◆ **Work required**
As you reproduce every line below, keep it exactly as written and leave out the images.

◆ **Data provided**
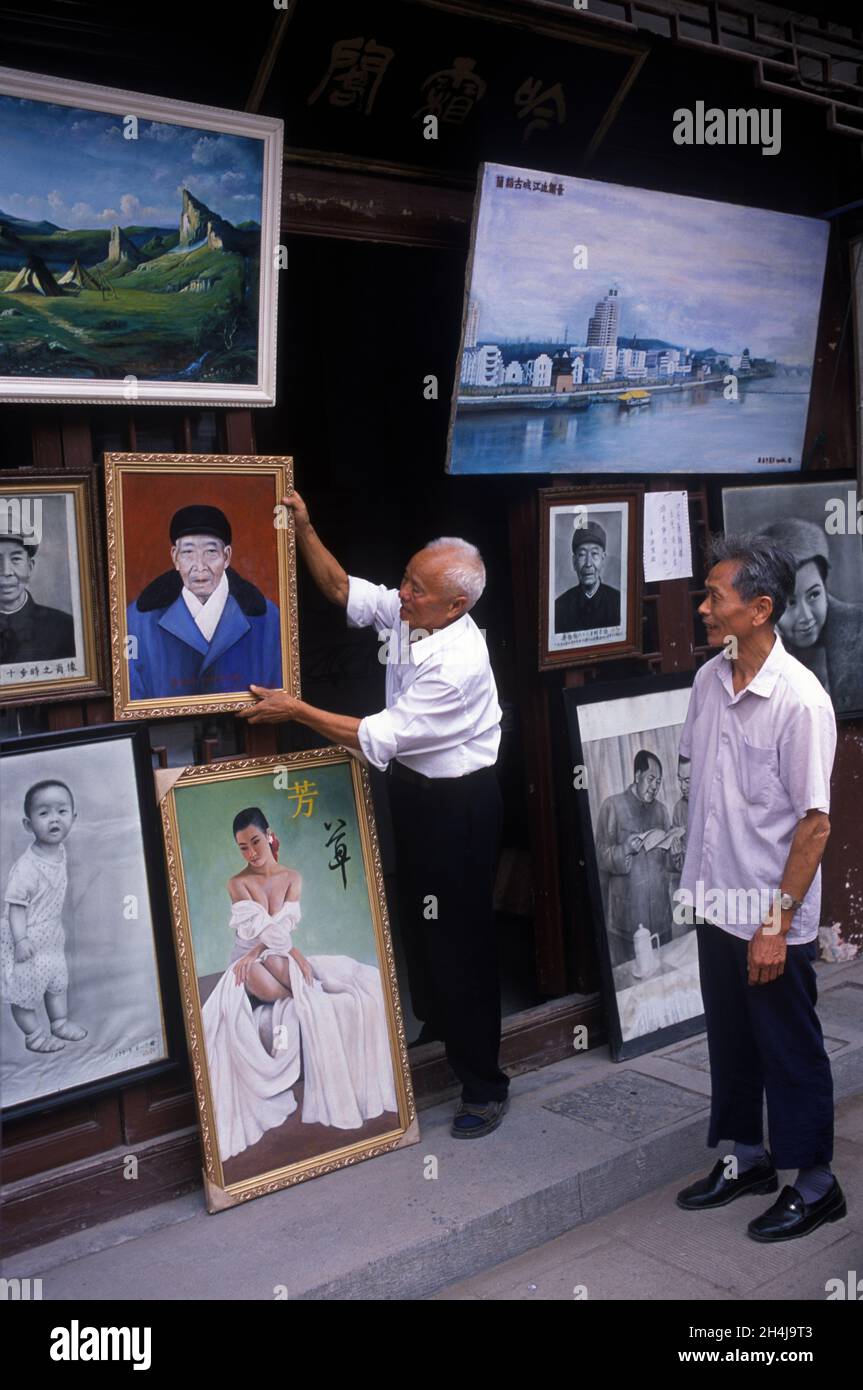 Lanxi, Provinz Zhejiang, China, 2001, 2000er Jahre. Ein lokaler Künstler zeigt seine Ölgemälde neben seinem Laden, ein männlicher Passant mittleren Alters kommt an Stops vorbei, um sie zu bewundern. HOMER SYKES Stockfoto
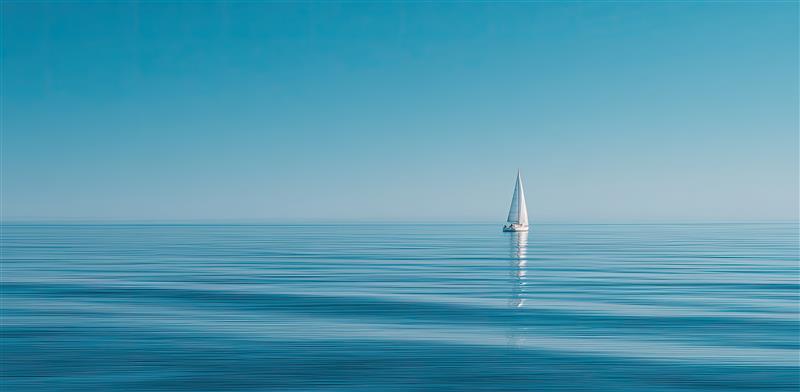 Calm ocean horizon with a sailboat symbolizing leadership resilience and perseverance through rejection.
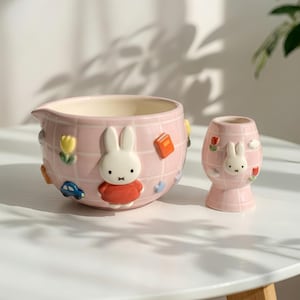 Könnte beinhalten: Eine Keramik-Rührschüssel und ein passender Eierbecher, beide mit einem hellrosa Gittermuster. Die Schüssel zeigt eine erhabene Miffy-Figur in einem roten Kleid, umgeben von kleinen 3D-Symbolen wie einer gelben Tulpe, einem blauen Auto und einem Buch.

◆ **Response area**
 Lanxi, Provinz Zhejiang, China, 2001, 2000er Jahre. Ein lokaler Künstler zeigt seine Ölgemälde neben seinem Laden, ein männlicher Passant mittleren Alters kommt an Stops vorbei, um sie zu bewundern. HOMER SYKES Stockfoto
 Calm ocean horizon with a sailboat symbolizing leadership resilience and perseverance through rejection.
 Könnte beinhalten: Eine Keramik-Rührschüssel und ein passender Eierbecher, beide mit einem hellrosa Gittermuster. Die Schüssel zeigt eine erhabene Miffy-Figur in einem roten Kleid, umgeben von kleinen 3D-Symbolen wie einer gelben Tulpe, einem blauen Auto und einem Buch.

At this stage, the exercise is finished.